Interrumpe y mira su celular. Se ríe. Como el pibe de las medias hace unos minutos, algo cambia en su cara. Muestra la pantalla y lee el mensaje que acaban de mandar al grupo de wassap, que comparte con sus compañeros de radio: "En septiembre viene María Moreno al programa. Estaba chocha porque Gonza habló de Black out en una de sus entrevistas".
–Esto me vuelve loco: María Moreno, ¿te das cuenta? Su libro Black out es alucinante, toda esa época que recrea. Ahora voy a llamar y voy a preguntar si es verdad. Mirá, me pone la piel de gallina.
La construcción de la mentira
Gonzalo tiene 33 años y está fascinado frente a una clase de Mauricio Kartun. El autor y director de obras ineludibles como El niño argentino, Ala de criados y Terrenal acaba de decir que los dramaturgos son constructores de una mentira que busca verosimilitud. Gonzalo toma nota y subraya lo que para él es una epifanía. Ahí no solo está el título de la que sería su futura novela, sino la confirmación de que su pasión ya no pasa por interpretar la mentira, sino por crearla. Que sus ambiciones ya no son actorales.
–No significa que no tenga más ganas de actuar o que vaya a tomarme un año sabático –aclara ahora, tres años después–. Simplemente, la pasión no pasa por ahí y, por eso, no me interesa protagonizar Shakespeare en el San Martín ni viajar a Cannes con una película producida por Almodóvar.

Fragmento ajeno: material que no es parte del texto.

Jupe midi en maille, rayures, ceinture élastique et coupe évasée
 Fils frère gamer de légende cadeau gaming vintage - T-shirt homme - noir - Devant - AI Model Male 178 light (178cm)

Solo quiero poder leer y escribir, y trabajar para tener plata y tiempo para eso. La forma de expresarse de uno muta. Me pasa que yo puedo hablar con más soltura de literatura que de cualquier otra cosa. Hay conversaciones muy aburridas entre los actores, muy tediosas, y la literatura te salva de ese tedio.
–¿Por qué tenés la necesidad de difundir la lectura?
–Yo difundo mi experiencia personal y si a alguien le sirve, buenísimo. Es cómico que ahora me llamen influencer, pero si hay una pequeñísima partícula que me hace sentir orgulloso es eso: represento que cualquiera puede leer.
–Los escritores quieren ser famosos. Un famoso que se hace escritor, ¿qué quiere ser?
–No séeeee… Pero es verdad, me di cuenta de que los escritores quieren ser famosos. Eso es algo que, por suerte, ya tengo resuelto (risas).